Peter Tufano with students in 'balance for better' pose

International Women’s Day at Oxford Saïd 2019

About the event

The theme of this year's International Women's Day was 'Balance for better.'

To support this year’s International Women’s Day campaign Oxford Saïd created a series of events and initiatives both at the School and online, to bring together a community of men and women, within Oxford, or around the world, to create a climate for change.

Launched on International Women’s Day, the Owning your Own Career module included a reflection tool and downloadable workbook to allow women to assess their current career position and to plan for their future, drawing on research showing that the idea of self-acceptance can hinder career progress. ‘There comes a point in a leader’s life where she acknowledges and accepts that she is a leader, and takes ownership of her career and development accordingly,’ says Kathryn Bishop, Director of Women Transforming Leadership, who developed the free online workshop as a taster of the programme.

The lead up to the day itself drew in every part of the Oxford community, from students to faculty, staff to corporate partners. It started with an event exploring the role that women played in the Shakespearean theatre, then the launch of a Kantar exhibition exploring 100 years of marketing to women. Justine Roberts, Founder and CEO, Mumsnet and Gransnet, and Philippa Snare, EMEA CMO, Facebook joined a high-profile panel to discuss empowerment, objectification, and what women want, noting that brands not only fail to move beyond gender stereotypes, but are also falling short of reaching certain parts of the market.

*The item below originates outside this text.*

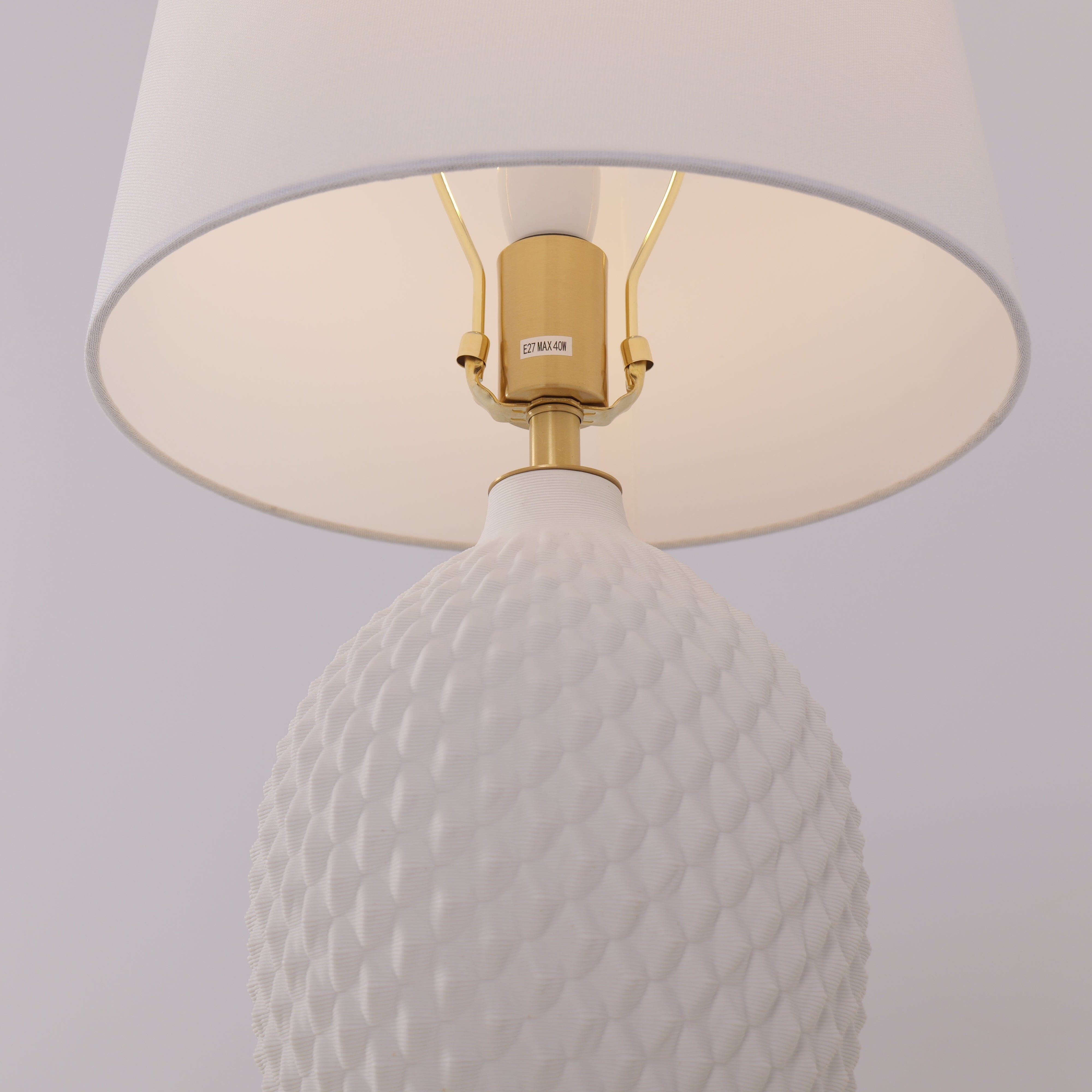 Lightsin 3D Pure White Diamond Embossed Relief Pattern Ceramic Table Lamp Lightsin UK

There comes a point in a leader’s life where she acknowledges and accepts that she is a leader, and takes ownership of her career and development accordingly.

Kathryn Bishop

Director, Women Transforming Leadership


Professor Renée Adams delivered the keynote for the International Women’s Day celebrations and challenged the studies that are typically used to justify policy interventions and targets for women on boards. She examined some of the myths around board diversity and called for more academic research in the area to separate the truth from fiction. Renée also led a Wikipedia-edit-a-thon, a campaign aiming to redress the balance of gender biographies on the platform. 

The student community, along with the Women’s Alliance, brought in two internationally acclaimed filmmakers, Dawn Porter and Lindsey Dryden, who are using film as a tool to shape public conversations and ignite lasting change. Recognising the need for inclusivity, student sessions also focused on gender negotiations and the importance of male allies to advocate for women in business. 

There is still an issue with balance in business said Sara Beck, Oxford’s new COO. But technology has helped liberate women, and enabled everyone to work in the way that they want to. ‘But I feel very strongly that things won’t change without men involved in some of these networks, events and some of the conversations,’ she concluded

Reflecting on the theme of International Women’s Day 2019, Peter Tufano recalled one of the early lessons he remembers – a lesson about balance. ‘It was about work-life balance and then, as an academic, balance in portfolios and diversification. We know that balance makes a great deal of sense when moving forward in our personal lives. The better the balance, the better the world.’